**What the task requires:** Your output should match the listing below word for word, without any images.

**Recorded data:**
------

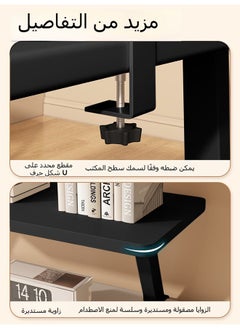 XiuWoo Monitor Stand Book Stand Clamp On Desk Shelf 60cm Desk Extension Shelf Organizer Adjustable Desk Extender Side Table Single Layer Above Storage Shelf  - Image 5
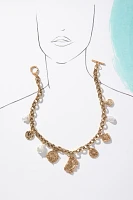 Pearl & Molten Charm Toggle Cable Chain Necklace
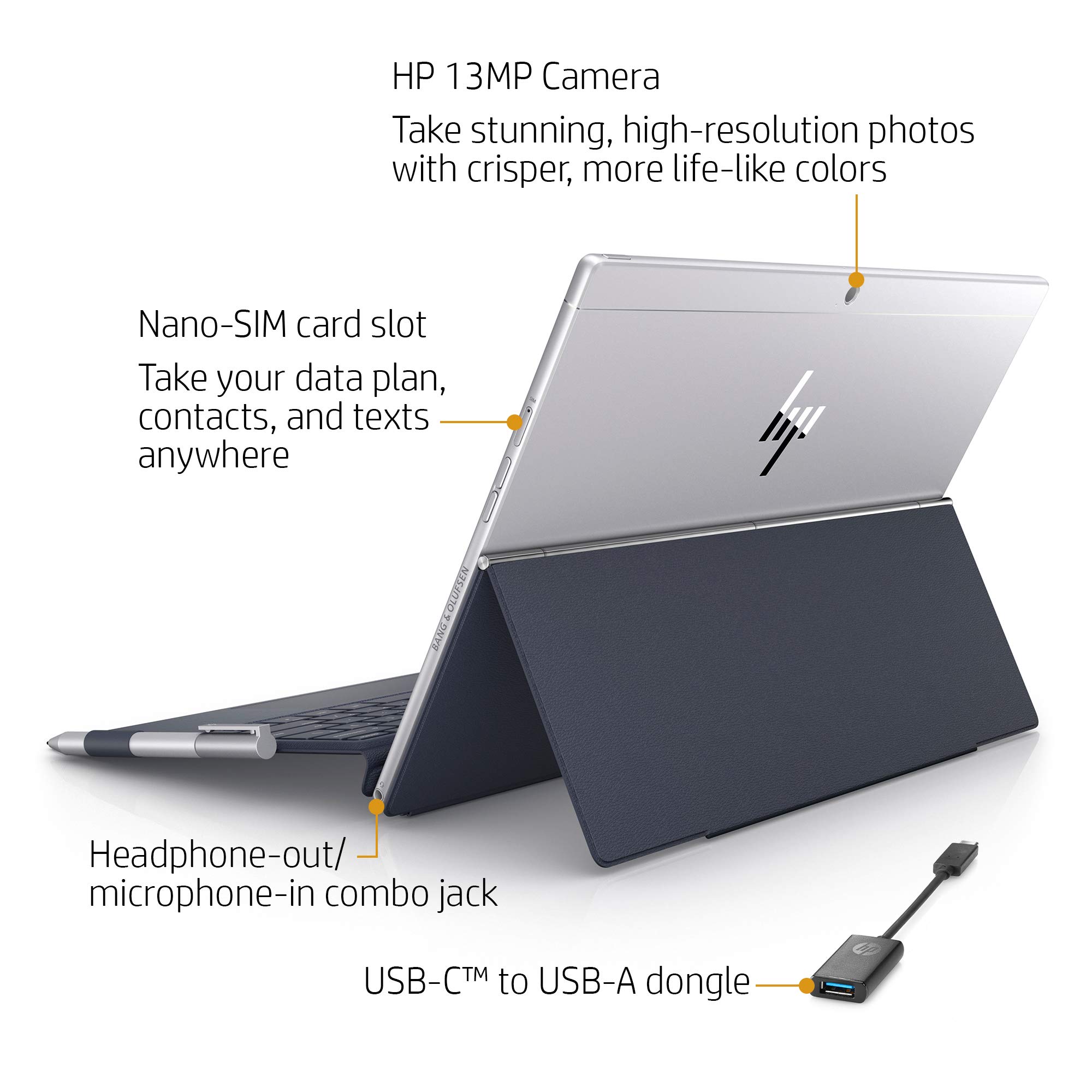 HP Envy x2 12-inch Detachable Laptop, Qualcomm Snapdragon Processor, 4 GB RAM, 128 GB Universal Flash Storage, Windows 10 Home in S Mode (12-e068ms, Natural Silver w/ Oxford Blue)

------

**Response:**
 XiuWoo Monitor Stand Book Stand Clamp On Desk Shelf 60cm Desk Extension Shelf Organizer Adjustable Desk Extender Side Table Single Layer Above Storage Shelf  - Image 5
 Pearl & Molten Charm Toggle Cable Chain Necklace
 HP Envy x2 12-inch Detachable Laptop, Qualcomm Snapdragon Processor, 4 GB RAM, 128 GB Universal Flash Storage, Windows 10 Home in S Mode (12-e068ms, Natural Silver w/ Oxford Blue)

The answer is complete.